How does LiDAR see through trees?

Understanding How LiDAR Sees Through Trees

Introduction to LiDAR

LiDAR, which stands for Light Detection and Ranging, is a remote sensing method that uses light in the form of a pulsed laser to measure variable distances to the Earth. This technology generates precise, three-dimensional information about the shape of the Earth and its surface characteristics.

Principle of Operation

LiDAR operates by emitting laser pulses towards the ground. As these pulses hit the surface, some of them penetrate through gaps in vegetation, reaching the ground beneath. The LiDAR system then measures the time it takes for each pulse to bounce back to the sensor. This time, known as the 'time of flight,' is used to calculate the distance each pulse has traveled.

How LiDAR Sees Through Trees

  • Multiple Returns: LiDAR systems are capable of recording multiple returns. As a laser pulse hits a tree, it may not be completely absorbed or reflected. Instead, parts of the pulse can continue to travel downwards, eventually reaching the ground. The sensor then records multiple reflections from different heights, including the top of the tree, branches, and the ground.
  • High Pulse Rate: Modern LiDAR systems emit thousands of pulses per second. This high pulse rate increases the likelihood of some pulses finding their way through dense foliage to the ground.
  • Point Cloud Density: The density of the point cloud, which is a collection of data points generated by the LiDAR, plays a crucial role. A higher density means more data points and a greater chance of capturing the ground surface beneath vegetation.
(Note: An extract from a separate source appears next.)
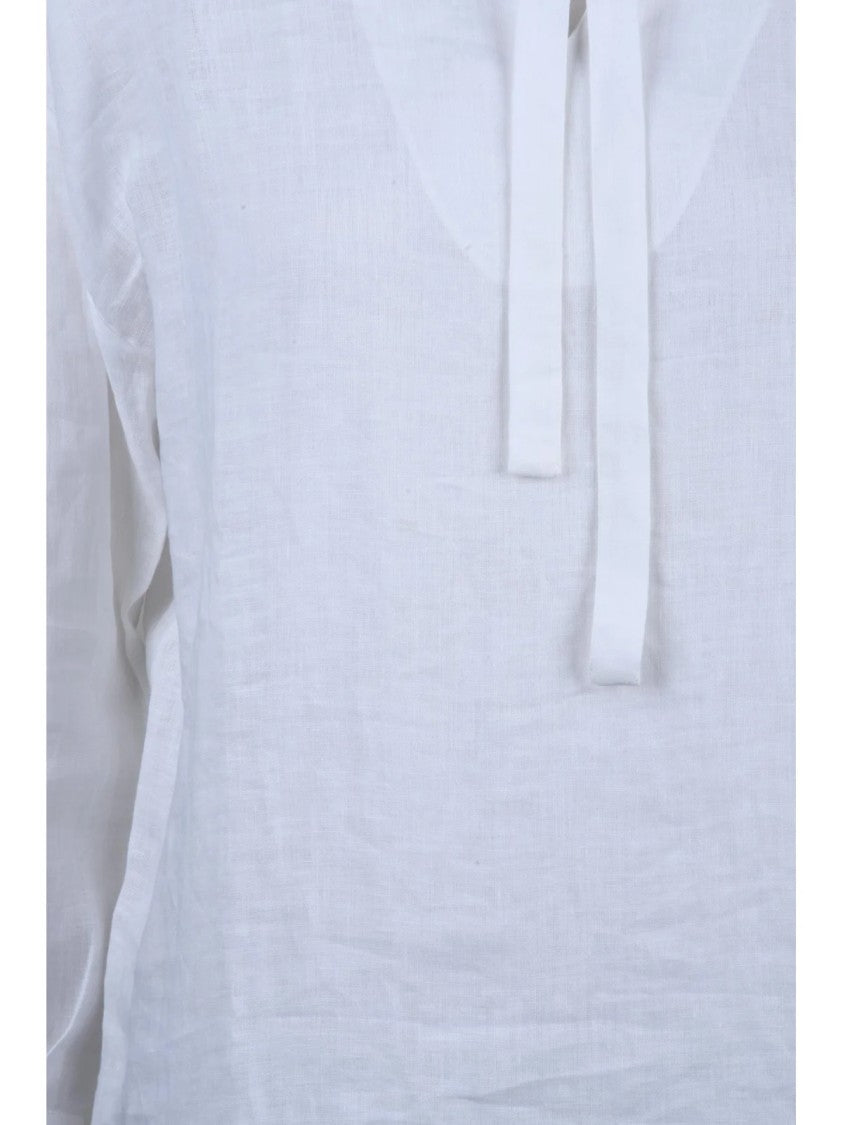 Eleventy White Gauzed Linen Blouse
Seeing through trees is particularly useful in applications such as:

  • Forestry management and planning
  • Topographic mapping in forested areas
  • Archaeology, for discovering hidden structures beneath forest canopies
  • Urban and rural planning


LiDAR's ability to see through trees is a result of its use of multiple returns, high pulse rates, and dense point clouds. This capability makes it an invaluable tool in various fields, providing detailed and accurate 3D representations of the Earth's surface, even in densely vegetated areas.